Que ni Stalin ni Hitler consiguieran arrancar del alma de sus pueblos el sentimiento religioso, capaz de resistir campos de concentración, asesinatos en masa y genocidios sin precedentes, demuestra la profundidad milenaria, cultural, antropológica sobre la que se asienta la fe.
La porfía y la tenacidad con que los regímenes totalitarios insisten en pretender aniquilarla, la estupidez de sus gestores.

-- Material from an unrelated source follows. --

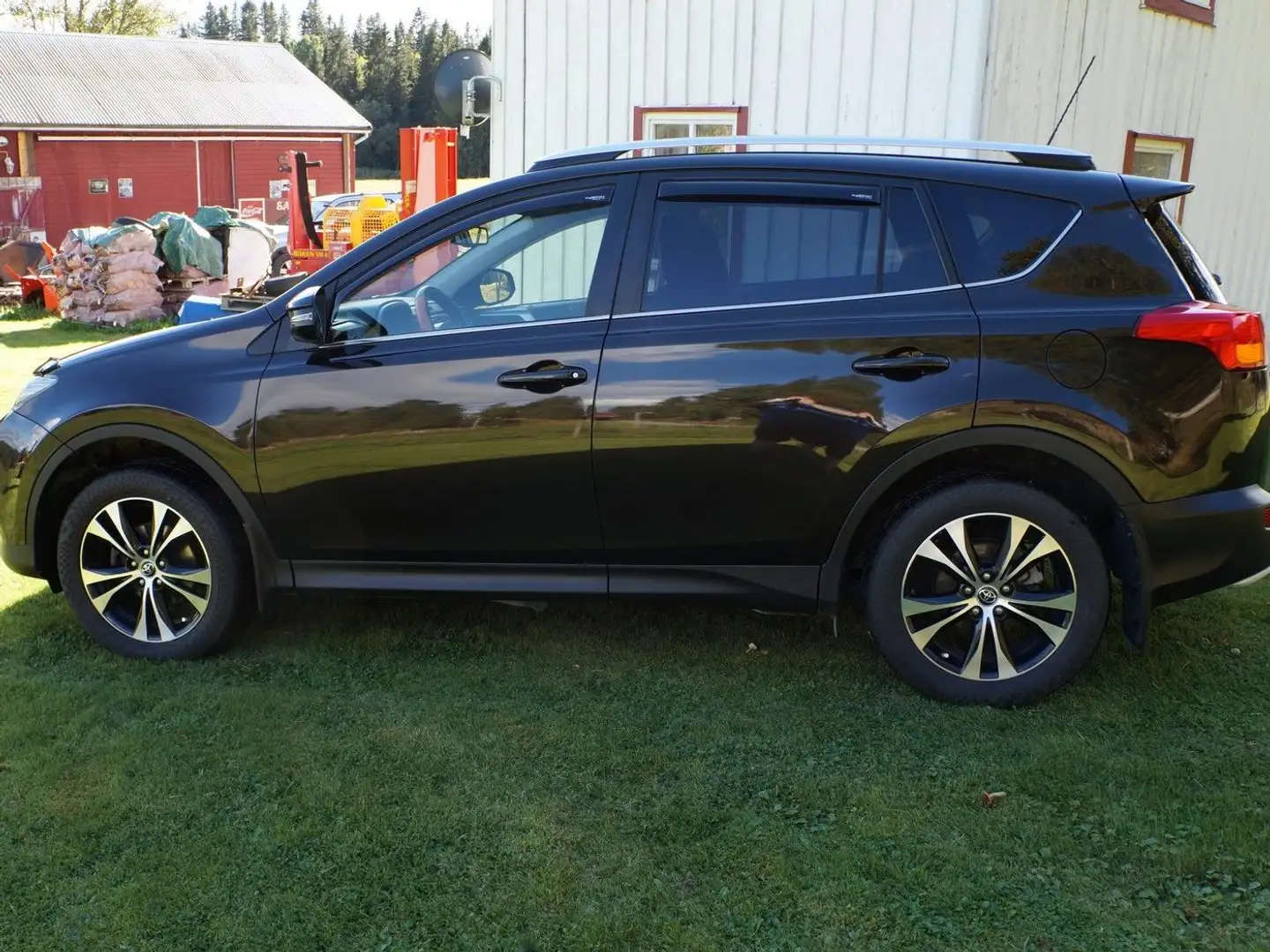 Toyota RAV 4 RAV 4 2.0 D-4D 4x4 Edition Braun - 2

Era lo que faltaba para completar el lamentable y patético cuadro de esta revolución contrarrevolucionaria: encubrir sus desmanes y desafueros, su inescrupulosidad y su inmoralidad sin límites, su incapacidad gerencial y su insólita inoperancia escudándose en el patrioterismo, y simultáneamente desatando su rencor y su odio contra el catolicismo nacional al atentar cobárdemente y a la sombra del anonimato contra sus figuras más venerables: la Virgen, Madre de Dios. Se equivoca si cree que por esos medios apacigua la justa indignación nacional. Por el contrario, manifiesta la impotencia de un régimen que naufraga a la deriva, desnudado en sus propósitos totalitarios, cómplice de naciones forajidas y grupos narco terroristas y blanco de la observación internacional, que se prepara a juzgarlo.

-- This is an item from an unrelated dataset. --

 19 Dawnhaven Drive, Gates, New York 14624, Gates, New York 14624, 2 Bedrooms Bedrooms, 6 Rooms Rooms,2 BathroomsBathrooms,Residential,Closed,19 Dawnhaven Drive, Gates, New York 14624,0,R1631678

Saciar su odio, por ahora, en los símbolos de nuestra religiosidad, muestra una tendencia en extremo peligrosa. Desencajar la convivencia pacífica para impedir que la historia – que comienza a juzgarlos – se cumpla de manera inexorable en un futuro cercano. Los molinos de los dioses muelen despacio, cantaba Homero. En Venezuela ya culminan su faena. Que cuando les llegue la hora, Dios los encuentre confesados.